== Crawled caption data ==

----------------------------------------

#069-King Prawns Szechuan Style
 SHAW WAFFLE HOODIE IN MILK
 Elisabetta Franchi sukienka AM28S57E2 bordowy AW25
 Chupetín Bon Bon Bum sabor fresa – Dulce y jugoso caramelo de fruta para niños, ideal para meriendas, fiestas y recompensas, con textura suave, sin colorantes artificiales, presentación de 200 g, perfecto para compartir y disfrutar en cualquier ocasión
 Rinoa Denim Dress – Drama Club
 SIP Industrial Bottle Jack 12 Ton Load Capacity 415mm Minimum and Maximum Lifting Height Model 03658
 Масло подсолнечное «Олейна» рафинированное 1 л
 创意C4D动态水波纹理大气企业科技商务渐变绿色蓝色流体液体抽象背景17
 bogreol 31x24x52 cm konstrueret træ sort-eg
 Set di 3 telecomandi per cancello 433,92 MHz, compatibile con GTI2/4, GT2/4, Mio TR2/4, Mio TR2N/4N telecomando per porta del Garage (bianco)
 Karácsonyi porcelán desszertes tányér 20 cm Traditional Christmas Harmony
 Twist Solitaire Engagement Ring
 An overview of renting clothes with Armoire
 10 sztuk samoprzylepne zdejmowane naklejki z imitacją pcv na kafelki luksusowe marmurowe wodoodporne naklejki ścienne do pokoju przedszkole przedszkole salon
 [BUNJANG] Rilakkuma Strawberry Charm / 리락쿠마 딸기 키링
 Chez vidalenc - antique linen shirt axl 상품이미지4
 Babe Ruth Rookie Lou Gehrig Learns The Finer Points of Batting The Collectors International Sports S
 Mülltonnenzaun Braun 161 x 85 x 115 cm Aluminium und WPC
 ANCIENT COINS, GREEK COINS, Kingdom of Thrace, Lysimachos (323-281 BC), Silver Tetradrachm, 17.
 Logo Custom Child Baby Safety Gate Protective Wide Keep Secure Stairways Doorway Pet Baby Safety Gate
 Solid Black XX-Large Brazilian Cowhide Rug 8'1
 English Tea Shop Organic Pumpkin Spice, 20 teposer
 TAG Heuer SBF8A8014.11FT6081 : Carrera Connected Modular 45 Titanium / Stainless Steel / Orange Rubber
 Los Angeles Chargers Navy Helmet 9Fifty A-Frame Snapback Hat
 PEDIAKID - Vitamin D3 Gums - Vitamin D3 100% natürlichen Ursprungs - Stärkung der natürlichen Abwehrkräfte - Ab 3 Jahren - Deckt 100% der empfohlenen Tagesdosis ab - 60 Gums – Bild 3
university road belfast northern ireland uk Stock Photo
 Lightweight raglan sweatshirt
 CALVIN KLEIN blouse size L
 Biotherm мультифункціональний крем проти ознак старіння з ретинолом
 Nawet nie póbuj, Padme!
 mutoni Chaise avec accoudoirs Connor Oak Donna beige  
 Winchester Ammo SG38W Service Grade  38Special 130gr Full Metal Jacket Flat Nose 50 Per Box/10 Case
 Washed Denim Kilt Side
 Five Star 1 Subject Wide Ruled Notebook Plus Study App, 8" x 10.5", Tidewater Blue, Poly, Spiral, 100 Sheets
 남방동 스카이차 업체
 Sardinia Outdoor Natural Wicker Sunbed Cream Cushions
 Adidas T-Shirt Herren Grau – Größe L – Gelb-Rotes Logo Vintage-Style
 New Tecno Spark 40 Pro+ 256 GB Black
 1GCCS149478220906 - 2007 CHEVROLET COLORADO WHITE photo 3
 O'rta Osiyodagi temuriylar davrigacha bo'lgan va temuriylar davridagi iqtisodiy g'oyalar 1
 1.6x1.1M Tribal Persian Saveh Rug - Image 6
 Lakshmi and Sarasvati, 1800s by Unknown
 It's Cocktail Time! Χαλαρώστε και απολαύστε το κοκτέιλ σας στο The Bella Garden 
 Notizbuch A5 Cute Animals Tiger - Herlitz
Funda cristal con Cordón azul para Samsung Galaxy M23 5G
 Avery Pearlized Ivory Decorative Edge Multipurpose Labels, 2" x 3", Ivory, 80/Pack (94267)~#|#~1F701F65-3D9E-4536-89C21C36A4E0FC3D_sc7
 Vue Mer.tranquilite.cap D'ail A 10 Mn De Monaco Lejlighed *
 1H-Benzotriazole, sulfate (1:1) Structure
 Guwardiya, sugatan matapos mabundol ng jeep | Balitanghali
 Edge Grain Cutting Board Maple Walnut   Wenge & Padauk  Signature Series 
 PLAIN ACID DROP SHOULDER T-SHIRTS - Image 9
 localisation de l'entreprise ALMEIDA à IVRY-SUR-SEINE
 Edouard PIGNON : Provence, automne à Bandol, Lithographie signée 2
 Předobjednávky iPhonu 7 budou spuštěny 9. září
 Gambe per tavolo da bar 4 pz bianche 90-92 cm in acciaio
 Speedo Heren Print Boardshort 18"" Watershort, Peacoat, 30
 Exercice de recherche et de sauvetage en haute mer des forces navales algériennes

----------------------------------------

== Activity ==
Retype all of the records above, word for word.

== Solution below ==
#069-King Prawns Szechuan Style
 SHAW WAFFLE HOODIE IN MILK
 Elisabetta Franchi sukienka AM28S57E2 bordowy AW25
 Chupetín Bon Bon Bum sabor fresa – Dulce y jugoso caramelo de fruta para niños, ideal para meriendas, fiestas y recompensas, con textura suave, sin colorantes artificiales, presentación de 200 g, perfecto para compartir y disfrutar en cualquier ocasión
 Rinoa Denim Dress – Drama Club
 SIP Industrial Bottle Jack 12 Ton Load Capacity 415mm Minimum and Maximum Lifting Height Model 03658
 Масло подсолнечное «Олейна» рафинированное 1 л
 创意C4D动态水波纹理大气企业科技商务渐变绿色蓝色流体液体抽象背景17
 bogreol 31x24x52 cm konstrueret træ sort-eg
 Set di 3 telecomandi per cancello 433,92 MHz, compatibile con GTI2/4, GT2/4, Mio TR2/4, Mio TR2N/4N telecomando per porta del Garage (bianco)
 Karácsonyi porcelán desszertes tányér 20 cm Traditional Christmas Harmony
 Twist Solitaire Engagement Ring
 An overview of renting clothes with Armoire
 10 sztuk samoprzylepne zdejmowane naklejki z imitacją pcv na kafelki luksusowe marmurowe wodoodporne naklejki ścienne do pokoju przedszkole przedszkole salon
 [BUNJANG] Rilakkuma Strawberry Charm / 리락쿠마 딸기 키링
 Chez vidalenc - antique linen shirt axl 상품이미지4
 Babe Ruth Rookie Lou Gehrig Learns The Finer Points of Batting The Collectors International Sports S
 Mülltonnenzaun Braun 161 x 85 x 115 cm Aluminium und WPC
 ANCIENT COINS, GREEK COINS, Kingdom of Thrace, Lysimachos (323-281 BC), Silver Tetradrachm, 17.
 Logo Custom Child Baby Safety Gate Protective Wide Keep Secure Stairways Doorway Pet Baby Safety Gate
 Solid Black XX-Large Brazilian Cowhide Rug 8'1
 English Tea Shop Organic Pumpkin Spice, 20 teposer
 TAG Heuer SBF8A8014.11FT6081 : Carrera Connected Modular 45 Titanium / Stainless Steel / Orange Rubber
 Los Angeles Chargers Navy Helmet 9Fifty A-Frame Snapback Hat
 PEDIAKID - Vitamin D3 Gums - Vitamin D3 100% natürlichen Ursprungs - Stärkung der natürlichen Abwehrkräfte - Ab 3 Jahren - Deckt 100% der empfohlenen Tagesdosis ab - 60 Gums – Bild 3
university road belfast northern ireland uk Stock Photo
 Lightweight raglan sweatshirt
 CALVIN KLEIN blouse size L
 Biotherm мультифункціональний крем проти ознак старіння з ретинолом
 Nawet nie póbuj, Padme!
 mutoni Chaise avec accoudoirs Connor Oak Donna beige  
 Winchester Ammo SG38W Service Grade  38Special 130gr Full Metal Jacket Flat Nose 50 Per Box/10 Case
 Washed Denim Kilt Side
 Five Star 1 Subject Wide Ruled Notebook Plus Study App, 8" x 10.5", Tidewater Blue, Poly, Spiral, 100 Sheets
 남방동 스카이차 업체
 Sardinia Outdoor Natural Wicker Sunbed Cream Cushions
 Adidas T-Shirt Herren Grau – Größe L – Gelb-Rotes Logo Vintage-Style
 New Tecno Spark 40 Pro+ 256 GB Black
 1GCCS149478220906 - 2007 CHEVROLET COLORADO WHITE photo 3
 O'rta Osiyodagi temuriylar davrigacha bo'lgan va temuriylar davridagi iqtisodiy g'oyalar 1
 1.6x1.1M Tribal Persian Saveh Rug - Image 6
 Lakshmi and Sarasvati, 1800s by Unknown
 It's Cocktail Time! Χαλαρώστε και απολαύστε το κοκτέιλ σας στο The Bella Garden 
 Notizbuch A5 Cute Animals Tiger - Herlitz
Funda cristal con Cordón azul para Samsung Galaxy M23 5G
 Avery Pearlized Ivory Decorative Edge Multipurpose Labels, 2" x 3", Ivory, 80/Pack (94267)~#|#~1F701F65-3D9E-4536-89C21C36A4E0FC3D_sc7
 Vue Mer.tranquilite.cap D'ail A 10 Mn De Monaco Lejlighed *
 1H-Benzotriazole, sulfate (1:1) Structure
 Guwardiya, sugatan matapos mabundol ng jeep | Balitanghali
 Edge Grain Cutting Board Maple Walnut   Wenge & Padauk  Signature Series 
 PLAIN ACID DROP SHOULDER T-SHIRTS - Image 9
 localisation de l'entreprise ALMEIDA à IVRY-SUR-SEINE
 Edouard PIGNON : Provence, automne à Bandol, Lithographie signée 2
 Předobjednávky iPhonu 7 budou spuštěny 9. září
 Gambe per tavolo da bar 4 pz bianche 90-92 cm in acciaio
 Speedo Heren Print Boardshort 18"" Watershort, Peacoat, 30
 Exercice de recherche et de sauvetage en haute mer des forces navales algériennes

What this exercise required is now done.